We do not live in a “post-racial” America. Income inequality has become the class definer of the decade, but that can’t be used as an excuse to couch important issues that sow dangerous cracks into the foundations of justice and governing institutions of the United States.
According to research from Northwestern University studying job applicants in Milwaukee, Wisconsin, 17 percent of white job applicants with criminal records received a call back from employers; 14 percent of blacks without criminal records but with similar or superior credentials received the same call.
There’s also the fact that black men between the ages of 15 and 20 are 21 times more likely to be shot and killed by an officer of the law than their white counterparts.
When a group of people are systemically treated as criminals, social constructs are more inclined to mold them into self-fulfilling prophecies.
We all act with a biased lens over our eyes, and that’s the danger of saying racism is gone or subdued. It isn’t men in hoods and burning crosses, it’s men in suits and unrealized intention. As Sociologist Eduardo Bonilla-Silva put it on CNN, it is “racism without racists,” a way to maintain domination over a minority without blatant hatred.
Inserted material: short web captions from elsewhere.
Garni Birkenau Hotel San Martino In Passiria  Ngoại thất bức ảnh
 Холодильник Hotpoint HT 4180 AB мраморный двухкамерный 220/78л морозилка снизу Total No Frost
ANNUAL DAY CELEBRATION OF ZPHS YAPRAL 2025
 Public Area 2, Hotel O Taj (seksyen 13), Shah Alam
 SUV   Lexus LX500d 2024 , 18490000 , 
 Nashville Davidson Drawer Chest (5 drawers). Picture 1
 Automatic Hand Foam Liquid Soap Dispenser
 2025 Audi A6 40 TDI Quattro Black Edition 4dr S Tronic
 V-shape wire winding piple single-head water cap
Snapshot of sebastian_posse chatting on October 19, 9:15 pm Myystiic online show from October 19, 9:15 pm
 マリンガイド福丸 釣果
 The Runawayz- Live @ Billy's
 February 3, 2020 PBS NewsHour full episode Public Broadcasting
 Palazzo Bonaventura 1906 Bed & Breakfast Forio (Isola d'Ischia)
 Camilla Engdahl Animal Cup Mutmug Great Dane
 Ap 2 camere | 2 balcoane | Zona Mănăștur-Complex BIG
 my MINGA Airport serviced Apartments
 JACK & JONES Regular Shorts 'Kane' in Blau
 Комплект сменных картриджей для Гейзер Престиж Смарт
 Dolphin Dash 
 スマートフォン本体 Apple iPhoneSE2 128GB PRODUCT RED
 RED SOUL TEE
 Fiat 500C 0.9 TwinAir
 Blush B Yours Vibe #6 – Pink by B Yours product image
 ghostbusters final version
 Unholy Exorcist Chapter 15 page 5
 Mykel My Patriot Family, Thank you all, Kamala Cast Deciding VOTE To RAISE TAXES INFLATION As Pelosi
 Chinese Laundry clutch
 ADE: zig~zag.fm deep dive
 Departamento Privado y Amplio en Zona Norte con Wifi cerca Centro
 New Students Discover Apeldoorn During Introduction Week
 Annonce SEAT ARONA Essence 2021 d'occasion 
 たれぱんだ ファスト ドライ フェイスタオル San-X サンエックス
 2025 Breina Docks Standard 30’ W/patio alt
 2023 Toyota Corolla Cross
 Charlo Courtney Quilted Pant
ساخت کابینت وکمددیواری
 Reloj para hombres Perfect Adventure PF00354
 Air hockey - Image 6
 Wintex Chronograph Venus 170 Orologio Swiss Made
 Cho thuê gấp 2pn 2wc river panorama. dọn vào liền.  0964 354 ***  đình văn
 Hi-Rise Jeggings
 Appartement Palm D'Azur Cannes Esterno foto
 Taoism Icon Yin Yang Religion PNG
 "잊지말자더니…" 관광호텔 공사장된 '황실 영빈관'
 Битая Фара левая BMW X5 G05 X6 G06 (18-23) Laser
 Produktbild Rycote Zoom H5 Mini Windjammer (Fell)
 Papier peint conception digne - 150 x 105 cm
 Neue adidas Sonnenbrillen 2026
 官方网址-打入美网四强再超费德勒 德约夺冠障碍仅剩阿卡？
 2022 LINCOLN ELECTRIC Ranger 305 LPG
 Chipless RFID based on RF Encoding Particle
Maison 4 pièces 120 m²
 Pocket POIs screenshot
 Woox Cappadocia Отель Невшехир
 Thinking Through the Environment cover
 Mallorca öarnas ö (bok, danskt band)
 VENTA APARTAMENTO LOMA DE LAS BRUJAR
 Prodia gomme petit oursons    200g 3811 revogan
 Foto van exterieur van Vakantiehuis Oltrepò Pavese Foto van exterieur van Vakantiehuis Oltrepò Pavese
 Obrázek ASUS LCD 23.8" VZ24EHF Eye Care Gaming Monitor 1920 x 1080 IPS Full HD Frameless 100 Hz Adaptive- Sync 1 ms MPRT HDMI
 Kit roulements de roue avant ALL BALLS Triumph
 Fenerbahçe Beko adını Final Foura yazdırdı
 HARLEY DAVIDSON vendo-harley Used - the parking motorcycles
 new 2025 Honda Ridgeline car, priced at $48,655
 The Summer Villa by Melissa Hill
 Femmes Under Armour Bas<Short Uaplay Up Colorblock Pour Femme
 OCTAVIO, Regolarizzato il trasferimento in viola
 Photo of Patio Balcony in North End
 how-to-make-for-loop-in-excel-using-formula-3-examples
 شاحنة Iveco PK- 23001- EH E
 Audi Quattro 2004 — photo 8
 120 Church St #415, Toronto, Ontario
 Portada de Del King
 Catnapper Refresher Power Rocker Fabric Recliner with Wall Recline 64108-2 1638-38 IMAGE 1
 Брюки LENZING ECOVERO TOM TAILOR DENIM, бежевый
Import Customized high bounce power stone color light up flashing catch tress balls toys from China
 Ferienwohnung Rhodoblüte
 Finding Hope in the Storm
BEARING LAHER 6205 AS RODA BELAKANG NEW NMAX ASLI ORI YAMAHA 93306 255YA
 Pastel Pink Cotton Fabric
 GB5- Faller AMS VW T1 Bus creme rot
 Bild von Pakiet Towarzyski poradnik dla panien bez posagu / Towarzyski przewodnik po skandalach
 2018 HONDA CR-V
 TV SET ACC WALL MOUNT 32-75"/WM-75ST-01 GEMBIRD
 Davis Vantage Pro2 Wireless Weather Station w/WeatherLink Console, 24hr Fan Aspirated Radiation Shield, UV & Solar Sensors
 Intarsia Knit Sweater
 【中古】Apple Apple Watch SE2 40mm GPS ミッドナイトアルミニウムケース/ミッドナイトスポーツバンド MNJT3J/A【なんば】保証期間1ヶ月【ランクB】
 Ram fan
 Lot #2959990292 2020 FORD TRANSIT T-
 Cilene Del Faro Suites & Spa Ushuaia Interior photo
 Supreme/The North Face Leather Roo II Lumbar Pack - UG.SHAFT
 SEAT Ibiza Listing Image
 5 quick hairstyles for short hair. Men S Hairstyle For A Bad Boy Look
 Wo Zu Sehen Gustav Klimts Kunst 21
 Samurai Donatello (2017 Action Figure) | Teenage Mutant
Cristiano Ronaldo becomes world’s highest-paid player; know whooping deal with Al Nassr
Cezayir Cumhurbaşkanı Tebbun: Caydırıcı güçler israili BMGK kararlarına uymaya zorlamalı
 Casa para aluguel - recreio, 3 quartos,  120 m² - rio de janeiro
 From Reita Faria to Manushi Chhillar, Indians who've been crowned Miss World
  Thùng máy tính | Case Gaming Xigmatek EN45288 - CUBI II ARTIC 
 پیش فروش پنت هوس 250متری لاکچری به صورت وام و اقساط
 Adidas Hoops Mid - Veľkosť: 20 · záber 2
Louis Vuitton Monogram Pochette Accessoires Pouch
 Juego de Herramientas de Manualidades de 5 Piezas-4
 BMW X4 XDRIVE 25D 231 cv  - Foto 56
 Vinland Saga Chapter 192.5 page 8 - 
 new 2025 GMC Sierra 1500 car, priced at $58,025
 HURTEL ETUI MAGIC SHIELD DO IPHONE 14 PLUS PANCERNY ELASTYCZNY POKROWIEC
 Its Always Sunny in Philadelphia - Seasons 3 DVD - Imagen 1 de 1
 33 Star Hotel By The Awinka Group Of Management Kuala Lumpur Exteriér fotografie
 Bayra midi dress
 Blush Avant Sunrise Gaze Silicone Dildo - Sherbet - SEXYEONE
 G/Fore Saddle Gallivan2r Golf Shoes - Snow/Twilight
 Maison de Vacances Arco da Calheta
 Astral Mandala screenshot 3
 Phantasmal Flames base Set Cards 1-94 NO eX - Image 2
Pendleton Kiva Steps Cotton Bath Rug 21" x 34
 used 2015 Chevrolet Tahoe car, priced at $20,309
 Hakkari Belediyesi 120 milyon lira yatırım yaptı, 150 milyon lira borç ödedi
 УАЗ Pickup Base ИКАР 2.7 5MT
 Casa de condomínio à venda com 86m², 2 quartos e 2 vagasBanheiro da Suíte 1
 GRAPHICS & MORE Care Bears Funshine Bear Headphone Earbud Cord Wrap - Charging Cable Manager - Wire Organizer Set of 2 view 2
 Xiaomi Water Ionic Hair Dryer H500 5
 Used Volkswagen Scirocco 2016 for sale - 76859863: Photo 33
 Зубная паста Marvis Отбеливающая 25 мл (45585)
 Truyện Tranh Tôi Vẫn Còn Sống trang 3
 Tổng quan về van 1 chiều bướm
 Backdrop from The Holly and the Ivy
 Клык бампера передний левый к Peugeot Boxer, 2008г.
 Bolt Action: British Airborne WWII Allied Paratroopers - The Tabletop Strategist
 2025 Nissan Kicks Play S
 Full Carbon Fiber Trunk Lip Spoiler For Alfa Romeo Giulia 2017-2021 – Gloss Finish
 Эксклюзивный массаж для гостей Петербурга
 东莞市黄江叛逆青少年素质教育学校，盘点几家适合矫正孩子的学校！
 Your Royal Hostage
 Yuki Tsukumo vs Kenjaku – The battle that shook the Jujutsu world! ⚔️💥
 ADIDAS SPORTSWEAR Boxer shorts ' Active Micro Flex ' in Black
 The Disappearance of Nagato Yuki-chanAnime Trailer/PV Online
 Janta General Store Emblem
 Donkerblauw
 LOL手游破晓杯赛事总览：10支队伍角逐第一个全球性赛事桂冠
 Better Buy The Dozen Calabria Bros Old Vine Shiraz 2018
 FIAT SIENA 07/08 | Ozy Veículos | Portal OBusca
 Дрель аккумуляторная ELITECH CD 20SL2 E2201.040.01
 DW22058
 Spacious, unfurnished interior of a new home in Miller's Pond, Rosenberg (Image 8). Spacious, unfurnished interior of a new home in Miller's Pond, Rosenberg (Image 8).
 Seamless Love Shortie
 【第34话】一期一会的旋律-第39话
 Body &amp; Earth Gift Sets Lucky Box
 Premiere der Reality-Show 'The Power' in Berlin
This sort of discrimination is harder to detect, and illusive in nature. After all, those that look for it are looking through their own lens of bias. Statistical evidence of economic prosperity, education, and death at the hands of law enforcement are all objective enough to draw basic conclusions on. Tread carefully, though, as every second is a chance to lose sight of what can, will, and has happened.
The key is awareness. The United States has a long history of denial, trying to forget how it got to where it is today. This is a fundamental mistake. You can only learn through experience. When experience is selected and not comprehensive, your education is less substantive and prone to injustice, repeated mistakes, and irresponsibility.
Looking forward will require looking back with an open and unapologetic mind. Large-scale awareness and self evaluation is the first step in changing how our society views and deals with racial problems in America. Only then will the institutions we all help build a little higher change in a meaningful way.
Correction: A previous version of this column mentioned a study conducted on racial biases in 1987, however, the results of the study were not reported accurately. The DI regrets the error.